Start of Block
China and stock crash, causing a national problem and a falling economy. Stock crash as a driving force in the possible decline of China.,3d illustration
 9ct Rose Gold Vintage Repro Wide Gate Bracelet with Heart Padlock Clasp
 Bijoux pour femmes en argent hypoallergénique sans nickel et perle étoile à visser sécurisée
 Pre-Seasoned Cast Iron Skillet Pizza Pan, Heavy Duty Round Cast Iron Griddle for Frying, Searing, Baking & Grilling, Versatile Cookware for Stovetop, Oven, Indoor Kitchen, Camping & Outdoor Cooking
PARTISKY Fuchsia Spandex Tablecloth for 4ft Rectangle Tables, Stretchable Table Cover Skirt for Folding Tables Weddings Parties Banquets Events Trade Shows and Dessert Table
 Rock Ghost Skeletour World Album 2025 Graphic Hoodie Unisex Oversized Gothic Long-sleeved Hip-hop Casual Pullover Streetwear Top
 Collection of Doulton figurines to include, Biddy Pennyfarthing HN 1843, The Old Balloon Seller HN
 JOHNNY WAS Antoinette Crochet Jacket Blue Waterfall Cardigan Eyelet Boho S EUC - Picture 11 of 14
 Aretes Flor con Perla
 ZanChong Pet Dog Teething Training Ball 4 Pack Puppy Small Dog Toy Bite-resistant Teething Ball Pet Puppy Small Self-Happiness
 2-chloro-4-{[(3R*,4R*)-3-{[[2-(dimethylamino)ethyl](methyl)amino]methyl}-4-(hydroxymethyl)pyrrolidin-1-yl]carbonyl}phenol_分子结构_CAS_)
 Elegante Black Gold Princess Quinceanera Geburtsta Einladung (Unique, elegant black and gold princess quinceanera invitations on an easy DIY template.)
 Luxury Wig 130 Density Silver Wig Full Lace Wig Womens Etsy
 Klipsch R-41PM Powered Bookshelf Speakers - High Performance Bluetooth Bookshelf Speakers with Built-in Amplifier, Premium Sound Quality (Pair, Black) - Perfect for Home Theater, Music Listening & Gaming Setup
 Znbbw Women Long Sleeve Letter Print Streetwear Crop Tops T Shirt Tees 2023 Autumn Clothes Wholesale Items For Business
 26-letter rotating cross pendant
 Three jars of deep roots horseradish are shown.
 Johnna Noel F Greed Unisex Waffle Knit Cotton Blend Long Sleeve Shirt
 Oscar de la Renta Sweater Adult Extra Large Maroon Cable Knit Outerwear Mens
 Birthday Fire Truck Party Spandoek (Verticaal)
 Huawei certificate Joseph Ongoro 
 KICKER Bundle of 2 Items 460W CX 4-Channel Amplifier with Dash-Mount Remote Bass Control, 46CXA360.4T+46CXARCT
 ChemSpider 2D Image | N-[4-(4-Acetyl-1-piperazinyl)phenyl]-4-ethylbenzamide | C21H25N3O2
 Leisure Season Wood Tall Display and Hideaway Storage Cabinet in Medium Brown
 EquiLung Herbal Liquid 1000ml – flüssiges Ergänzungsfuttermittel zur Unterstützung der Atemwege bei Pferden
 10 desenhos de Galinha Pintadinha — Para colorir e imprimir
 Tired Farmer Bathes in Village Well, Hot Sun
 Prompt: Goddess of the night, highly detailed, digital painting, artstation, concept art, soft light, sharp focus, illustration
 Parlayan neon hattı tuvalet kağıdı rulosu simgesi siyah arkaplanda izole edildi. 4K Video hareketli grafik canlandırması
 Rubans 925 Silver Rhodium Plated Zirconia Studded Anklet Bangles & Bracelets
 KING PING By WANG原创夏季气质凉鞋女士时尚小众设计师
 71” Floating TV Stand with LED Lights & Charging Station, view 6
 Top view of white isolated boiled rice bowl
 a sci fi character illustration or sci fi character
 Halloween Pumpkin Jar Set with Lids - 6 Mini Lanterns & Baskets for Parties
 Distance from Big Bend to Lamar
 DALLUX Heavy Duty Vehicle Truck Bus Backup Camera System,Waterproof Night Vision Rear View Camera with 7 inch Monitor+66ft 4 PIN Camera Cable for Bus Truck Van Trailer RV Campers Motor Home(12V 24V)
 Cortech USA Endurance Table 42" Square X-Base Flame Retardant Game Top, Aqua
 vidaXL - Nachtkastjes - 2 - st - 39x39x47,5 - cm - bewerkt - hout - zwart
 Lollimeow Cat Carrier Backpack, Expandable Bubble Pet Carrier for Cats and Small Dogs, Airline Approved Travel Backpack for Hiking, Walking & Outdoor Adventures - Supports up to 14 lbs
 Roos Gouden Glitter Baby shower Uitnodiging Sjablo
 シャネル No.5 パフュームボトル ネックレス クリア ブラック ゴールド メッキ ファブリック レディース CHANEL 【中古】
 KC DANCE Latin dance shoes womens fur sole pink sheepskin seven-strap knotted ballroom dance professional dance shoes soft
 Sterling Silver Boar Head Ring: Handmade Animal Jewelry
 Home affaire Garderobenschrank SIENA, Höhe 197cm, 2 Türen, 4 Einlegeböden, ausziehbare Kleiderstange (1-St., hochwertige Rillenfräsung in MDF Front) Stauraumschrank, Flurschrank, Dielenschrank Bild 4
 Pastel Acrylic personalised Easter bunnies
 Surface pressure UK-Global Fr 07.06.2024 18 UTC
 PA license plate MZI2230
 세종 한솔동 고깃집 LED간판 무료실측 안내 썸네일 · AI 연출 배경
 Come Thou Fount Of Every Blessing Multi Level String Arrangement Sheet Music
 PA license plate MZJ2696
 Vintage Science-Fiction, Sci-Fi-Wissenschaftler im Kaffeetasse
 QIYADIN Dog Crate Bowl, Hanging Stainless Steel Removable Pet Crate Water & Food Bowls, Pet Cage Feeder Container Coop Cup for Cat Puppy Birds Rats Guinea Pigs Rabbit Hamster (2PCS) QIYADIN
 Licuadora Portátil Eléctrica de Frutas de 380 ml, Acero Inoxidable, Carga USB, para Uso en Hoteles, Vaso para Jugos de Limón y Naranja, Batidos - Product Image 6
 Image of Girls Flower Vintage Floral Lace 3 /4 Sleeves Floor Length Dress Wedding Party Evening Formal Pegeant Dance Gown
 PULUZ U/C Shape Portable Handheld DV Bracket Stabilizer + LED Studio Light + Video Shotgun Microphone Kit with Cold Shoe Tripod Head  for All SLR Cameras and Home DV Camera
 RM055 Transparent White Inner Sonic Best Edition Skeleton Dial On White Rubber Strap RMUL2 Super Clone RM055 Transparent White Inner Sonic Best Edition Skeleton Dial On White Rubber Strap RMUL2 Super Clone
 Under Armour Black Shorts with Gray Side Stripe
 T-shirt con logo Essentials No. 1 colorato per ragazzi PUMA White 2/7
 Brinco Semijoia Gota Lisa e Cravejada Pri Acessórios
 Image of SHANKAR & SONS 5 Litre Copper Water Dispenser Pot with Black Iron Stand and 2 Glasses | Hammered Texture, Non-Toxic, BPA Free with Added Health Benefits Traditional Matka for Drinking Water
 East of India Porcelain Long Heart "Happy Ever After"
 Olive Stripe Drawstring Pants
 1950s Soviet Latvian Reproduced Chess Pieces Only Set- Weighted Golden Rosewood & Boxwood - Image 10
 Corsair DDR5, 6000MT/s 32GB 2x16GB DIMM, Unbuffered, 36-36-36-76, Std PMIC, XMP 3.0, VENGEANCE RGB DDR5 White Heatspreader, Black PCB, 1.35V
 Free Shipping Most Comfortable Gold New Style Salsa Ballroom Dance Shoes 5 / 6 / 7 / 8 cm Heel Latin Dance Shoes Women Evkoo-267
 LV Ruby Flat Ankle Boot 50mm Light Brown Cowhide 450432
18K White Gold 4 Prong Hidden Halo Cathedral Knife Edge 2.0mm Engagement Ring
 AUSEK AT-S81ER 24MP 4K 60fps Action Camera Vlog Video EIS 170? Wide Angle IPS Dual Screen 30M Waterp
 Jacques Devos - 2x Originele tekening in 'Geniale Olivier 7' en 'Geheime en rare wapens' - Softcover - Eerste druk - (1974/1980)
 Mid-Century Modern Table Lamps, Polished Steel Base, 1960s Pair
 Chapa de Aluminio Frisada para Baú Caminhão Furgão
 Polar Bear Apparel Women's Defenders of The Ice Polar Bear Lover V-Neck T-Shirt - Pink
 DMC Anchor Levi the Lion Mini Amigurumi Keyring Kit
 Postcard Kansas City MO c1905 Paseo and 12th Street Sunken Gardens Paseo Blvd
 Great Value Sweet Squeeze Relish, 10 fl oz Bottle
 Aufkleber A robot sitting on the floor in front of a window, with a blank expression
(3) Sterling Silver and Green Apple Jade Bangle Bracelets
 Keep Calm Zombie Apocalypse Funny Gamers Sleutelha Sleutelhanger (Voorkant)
End of Block
What to do: Search the material for the word "Stand" and copy each line where it occurs.

Task response:
 71” Floating TV Stand with LED Lights & Charging Station, view 6
 Image of SHANKAR & SONS 5 Litre Copper Water Dispenser Pot with Black Iron Stand and 2 Glasses | Hammered Texture, Non-Toxic, BPA Free with Added Health Benefits Traditional Matka for Drinking Water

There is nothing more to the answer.